▶ **ACTIVITY**
Look through the records below for the line with "Anti-Gravity Humidifier - Aromatherapy" and the line with "Giantex Kitchen Island", then return those lines and all lines between, exactly.

▶ **SUPPLIED ENTRIES**
○ ○ ○

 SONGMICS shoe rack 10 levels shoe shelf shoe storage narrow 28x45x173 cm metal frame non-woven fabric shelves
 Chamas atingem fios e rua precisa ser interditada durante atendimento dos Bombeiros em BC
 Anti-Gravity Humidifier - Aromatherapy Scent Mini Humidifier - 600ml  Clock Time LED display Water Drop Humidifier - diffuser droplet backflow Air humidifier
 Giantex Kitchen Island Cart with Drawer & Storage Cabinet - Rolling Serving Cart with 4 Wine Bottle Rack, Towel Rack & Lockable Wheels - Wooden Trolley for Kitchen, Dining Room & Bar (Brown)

○ ○ ○

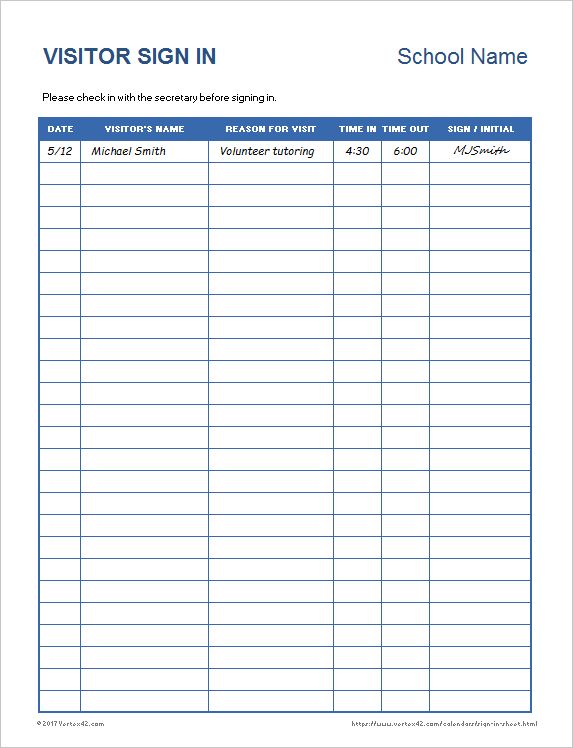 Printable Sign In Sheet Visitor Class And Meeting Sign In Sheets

○ ○ ○

▶ **OUTPUT**
 Anti-Gravity Humidifier - Aromatherapy Scent Mini Humidifier - 600ml  Clock Time LED display Water Drop Humidifier - diffuser droplet backflow Air humidifier
 Giantex Kitchen Island Cart with Drawer & Storage Cabinet - Rolling Serving Cart with 4 Wine Bottle Rack, Towel Rack & Lockable Wheels - Wooden Trolley for Kitchen, Dining Room & Bar (Brown)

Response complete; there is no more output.